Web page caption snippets
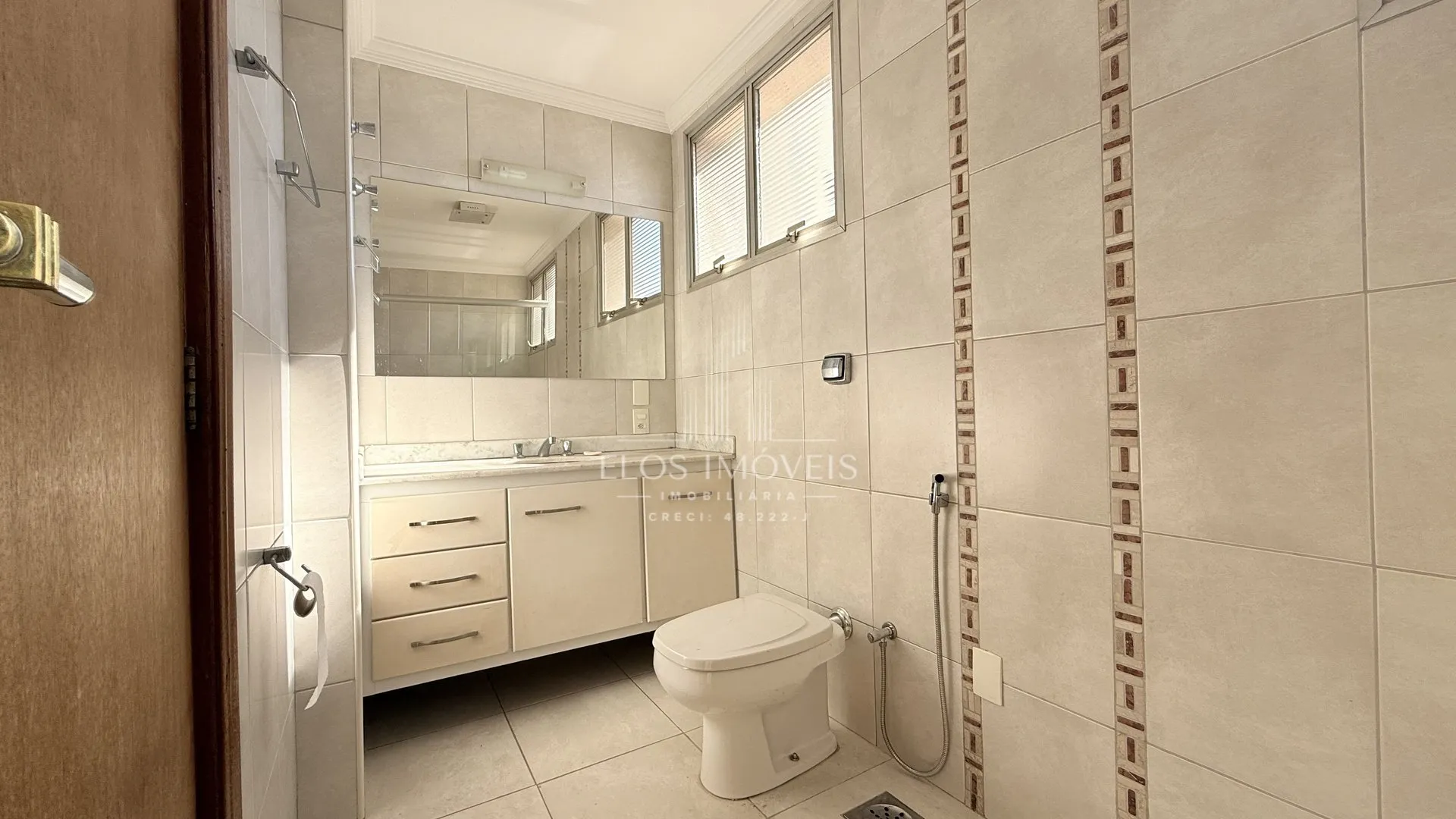 Imagem Apartamento de 4 quartos, 247m² no bairro Centro, em Limeira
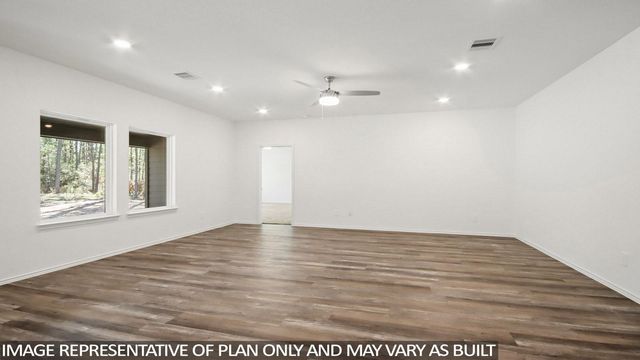 121 Wildflower Lane, Dayton, TX 77535
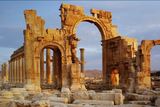 Боевики ИГ разрушили античную Триумфальную арку в Пальмире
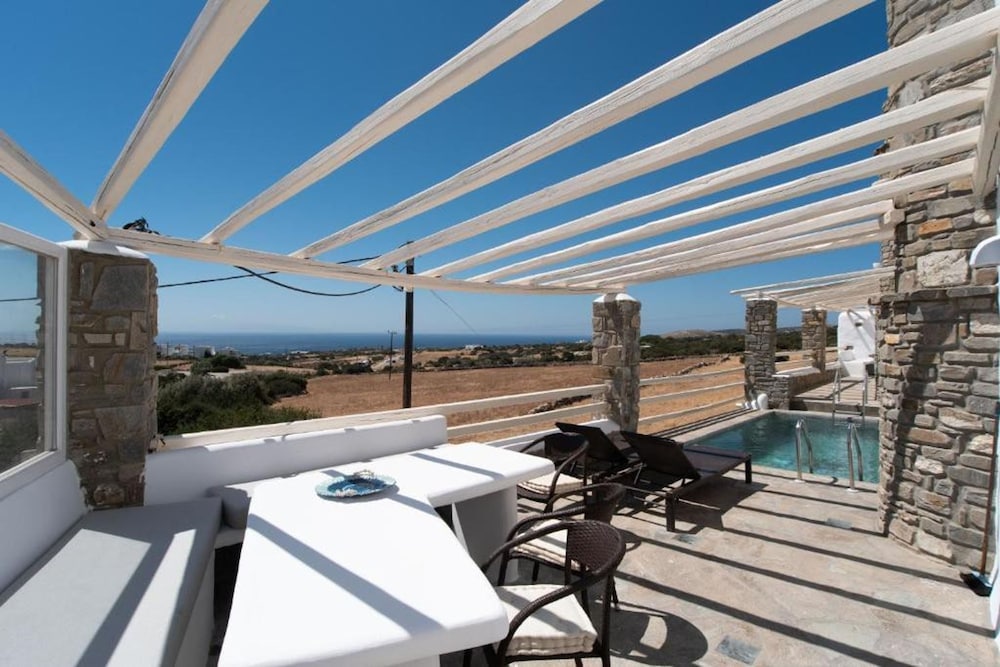 Aspro Paros Villa for 6-7
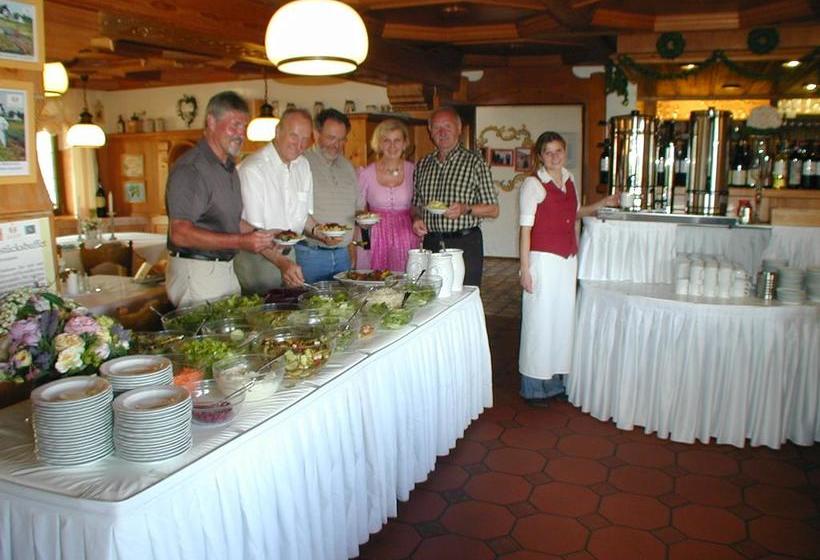 Kurhotel Würdinger Hof 12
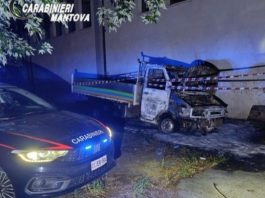 Castel d’Ario, fiamme nella notte: distrutto il furgone della polisportiva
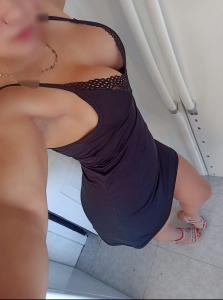 643587143: Chica busca chico en Huelva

## What needs to be done
Pictures are not part of the copy. Return every record exactly.

## Answer section
 Imagem Apartamento de 4 quartos, 247m² no bairro Centro, em Limeira
 121 Wildflower Lane, Dayton, TX 77535
 Боевики ИГ разрушили античную Триумфальную арку в Пальмире
 Aspro Paros Villa for 6-7
 Kurhotel Würdinger Hof 12
 Castel d’Ario, fiamme nella notte: distrutto il furgone della polisportiva
 643587143: Chica busca chico en Huelva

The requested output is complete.